Problem to work on |
Excluding every picture, print exactly the lines from the one containing "MADE IN ENGLAND" through the end of the material below, both ends included.

+++

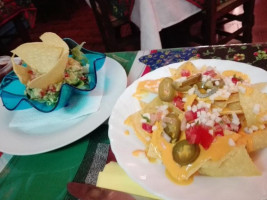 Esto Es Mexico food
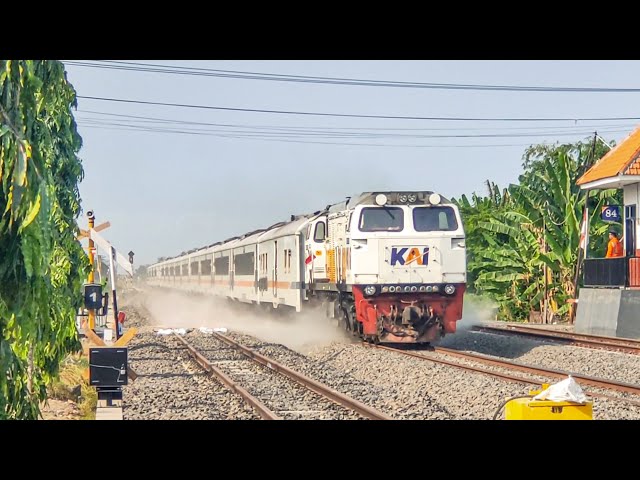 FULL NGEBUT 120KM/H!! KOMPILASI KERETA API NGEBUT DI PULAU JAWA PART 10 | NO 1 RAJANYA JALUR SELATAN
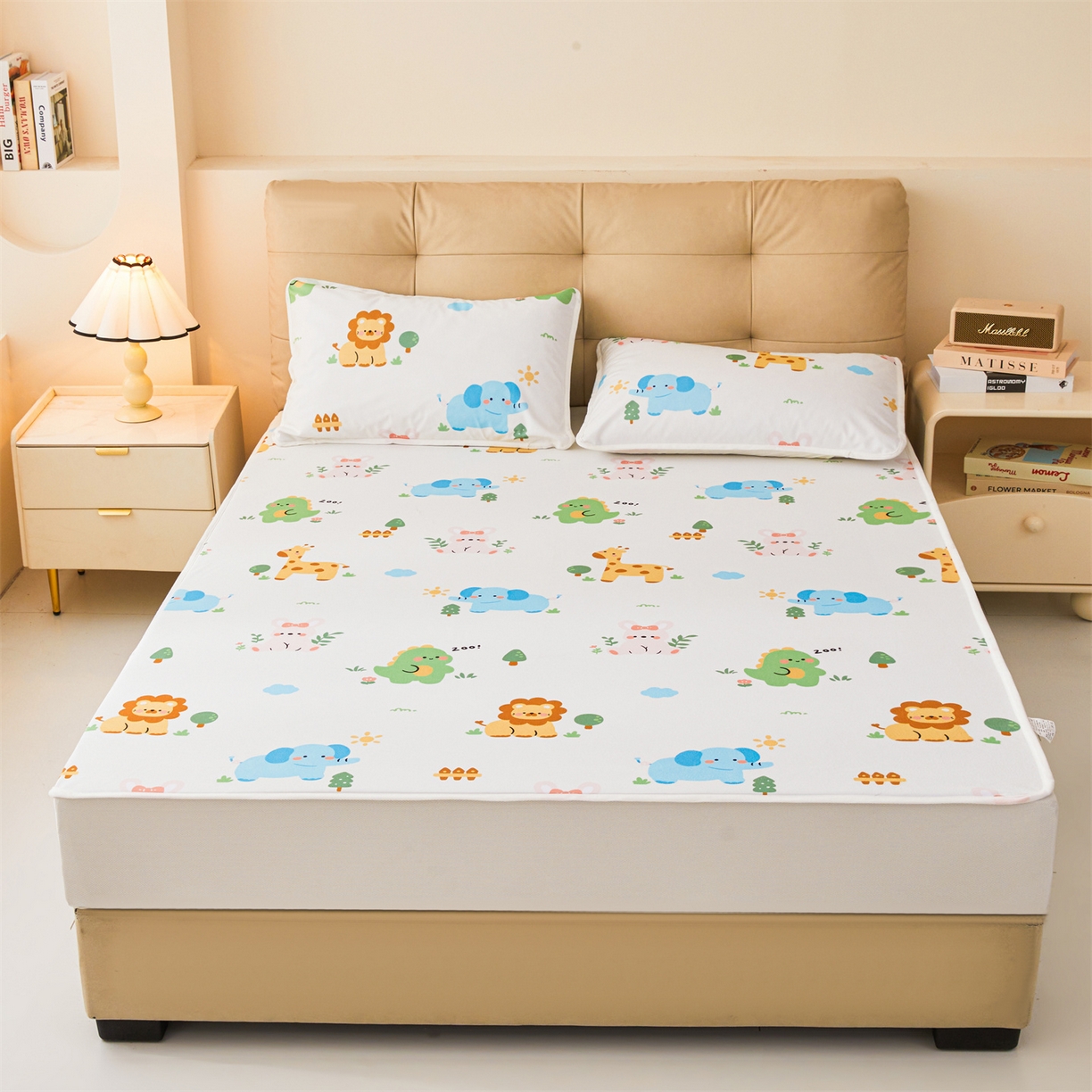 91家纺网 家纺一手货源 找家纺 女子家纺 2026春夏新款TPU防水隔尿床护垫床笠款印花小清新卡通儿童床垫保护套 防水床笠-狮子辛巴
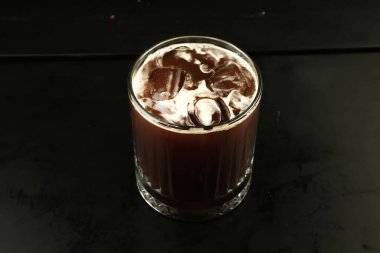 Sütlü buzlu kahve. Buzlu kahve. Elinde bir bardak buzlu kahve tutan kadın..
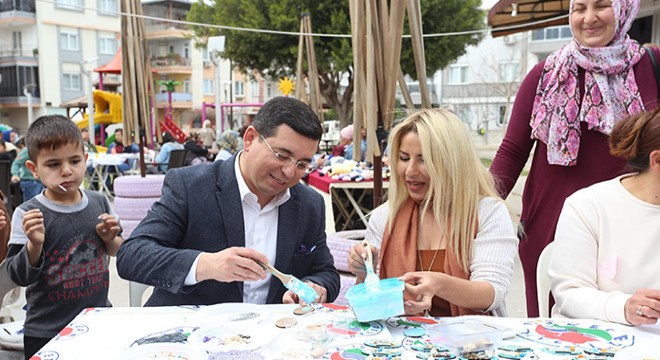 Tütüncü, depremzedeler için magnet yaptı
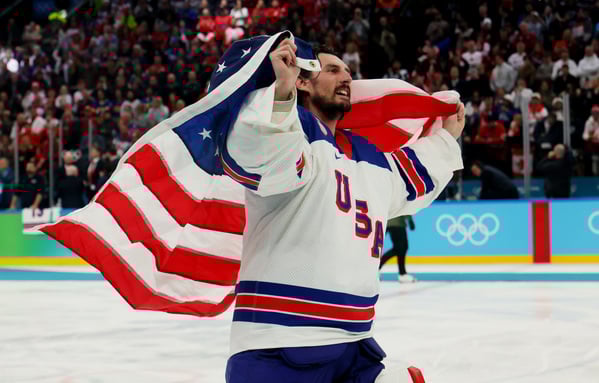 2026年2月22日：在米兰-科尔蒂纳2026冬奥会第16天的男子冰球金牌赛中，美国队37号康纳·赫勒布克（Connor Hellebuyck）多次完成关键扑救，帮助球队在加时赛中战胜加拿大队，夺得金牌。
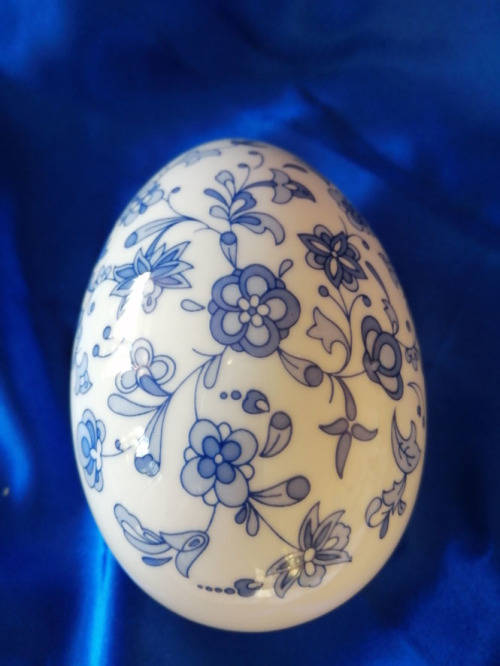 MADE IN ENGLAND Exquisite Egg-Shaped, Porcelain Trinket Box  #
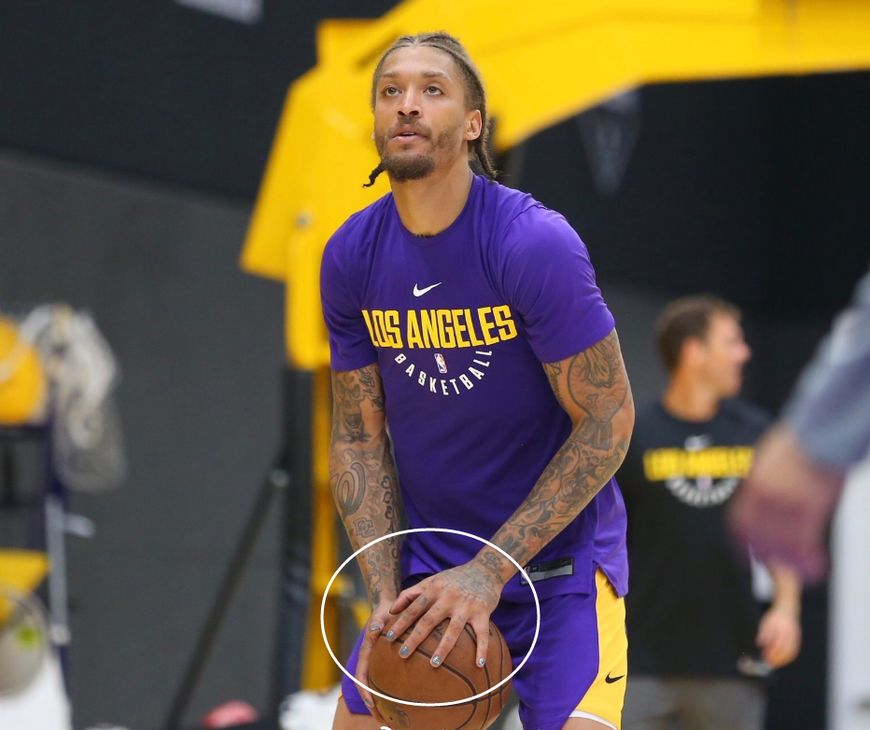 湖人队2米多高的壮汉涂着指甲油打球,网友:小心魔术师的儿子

+++

Response box |
 MADE IN ENGLAND Exquisite Egg-Shaped, Porcelain Trinket Box  #
 湖人队2米多高的壮汉涂着指甲油打球,网友:小心魔术师的儿子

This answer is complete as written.